I have so much to be looking forward to. My best friend is getting married, I was asked to be her bridesmaid, I got into a program for school that I’ve been wanting to get into for over a year, I raised enough money to cover my first test to see where The blockage that is causing the ectopic pregnancies is located; however, I’m so unhappy. I’m fearful of getting the test done and wasting my donations on being told that I am blocked and there is nothing they can do to remove it. Once again my mind goes to the worst possible answer. Sometimes I feel as if I brought this upon myself, always fearing if I was infertile and if I could ever get pregnant. Now my worst fear is in a way coming true. Yes I can create life, but I can’t keep it and protect it.
I’m looking forward to summer vacation. My first spiritual journey began to flourish during my summer vacation I believe last year. I have long days to myself to really focus on the me and the person I want to become. I can reconnect with my emotions and how to handle the good and extinguish the bad. I’m able to be one with Mother Earth and embrace all the beauty she has to offer. I’m hoping that’s all I need this time again. Just a little R&R to get back on the right path.
In our day to day lives we take little things for granted. Human interaction, having a cozy bed to sleep on, and even the luxury of taking a nice warm shower everyday. Over the past 2 years my shower has had a slowly growing crack. It had gotten worse over the past couple months. Finally the property management sent someone out to fix it. For over a week I was without a shower. Without a bathroom for half the day. I didn’t think it would be a big deal. My uncle lives right next door so showering shouldn’t be a problem. But the day they tore it out I realized I was wrong.

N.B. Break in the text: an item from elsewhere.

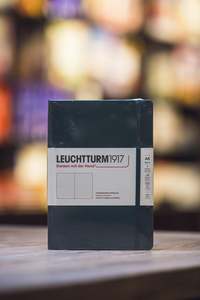 Leuchtturm1917: A5 Hard - Forest Green Dotted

I deal with a lot of stress. My job, my personal life, my family…. Its stressful. I have my own self care routine in place and never really understood that I did until I couldn’t shower in my own home. The days felt like they dragged on for years. I felt as if my hone was not my home. I was confined in my prison of a bedroom waiting every day desperately for an all clear on the bathroom. Every day was torturous. I was definitely not my new and improved self. I was on edge, I felt dirty no matter how many times I showered at my uncle’s, I was depressed. Not being able to shower when I needed to relax and unwind was draining the positive emotions right out of me.
After over a week of this mayhem we got a brand new shower installed. I stepped into the egg shell white colored shower, feeling a little unfamiliar with this new addition to my bathroom I felt around becoming more acquainted with the off and on mechanism. The sound of the water hitting the side panel was a nice introduction for the glorious feeling that was ahead. As the warm water ran down the top of my head and trickled down my back and shoulders I felt a thousand pounds of stress flowing down the drain with it. I let my brain run through everything that had been stressing me over the past week. Releasing it with every pit pat drip drop that spewed from the shower head. Closing my eyes as I lathered my hair with my shampoo, I pictured me being able to do this every day to come. As my shower came to an end I felt a brand new and ready to conquer anything once again.
I don’t think I ever really thought of having a shower in your home as a important thing until I didnt have one. It sounds so silly. Having anxiety and depression issues I have just come accustomed to being able to take my alone time in the shower. Regaining peace of mind with ever time I step out.